You feelin’ all right, my man Winnie, ‘cause you lookin’ like shit on a shingle…
The caseworker gets up and gestures for John to follow her out into the hall. Dean, twitchy, protective little Dean, slides right into her vacated seat and all but wraps himself around Sammy. John notices the little thrill that shudders up the seven-year-old’s spine from the leftover warmth of the chair. It’s the same look he gets when he finds a Matchbox car some careless child with normal parents left behind.

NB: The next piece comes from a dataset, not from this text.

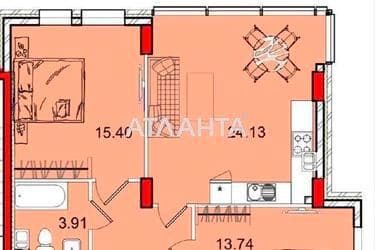 2-rooms apartment apartment by the address st. Fontanskaya dor Perekopskoy Divizii (area 70,7 m²) - Atlanta.ua - imageAlt 7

She has a file in her hand, that ugly cadet blue color with the dark gray typewriter names along the tab, and she uses it to gesture while she speaks. “They’re wonderful boys, Mr. Winchester,” she says. He nods. “I have my concerns, but Dean is doing well enough in school-better than I might expect, actually, given the, er, circumstances. His teacher has recommended him for a special program the district offers for gifted children, but the file says you turned it down.”
“We won’t be here next year,” John says simply. He doesn’t try to charm this woman, just watches through the window in the door. Sam pushes his first drawing away and carefully surveys his color choices for a new picture on a clean sheet of paper. Dean watches and advises, pointing out this crayon or that one, mouth moving a mile a minute.
“Oh,” the woman says, and John looks back at her. She’s a little mousy thing, middle-aged and haggard, wearing a pink polyester suit a decade out of date and a scarf around her neck.
There was a cartoon John watched once, where a boy chased by a dog chases a cat. It was supposed to be cute, an amusing little animation for children, but John feels like that boy and he feels sick. There’s this ball inside his head that spins and spins so his thoughts don’t go any particular direction when they hurtle around and ricochet off each other. So he’s just running headlong after something and he doesn’t know what, and he’s got something with snapping jaws right there on his heels.
Maybe it’s Tuyen, that whore Pomiecko kept around and told him to get rid of when they got their orders to pull out. “Never pulled out in my life!” the sergeant had laughed. “I don’t care. Shoot her-or you’re clever with C-4, Winnie, fuckin’ figure it out.”
And maybe it’s Mary, the look on her face before boom time.
What he knows is there was a second of silence in his head when Pomiecko and that growling thing shut up.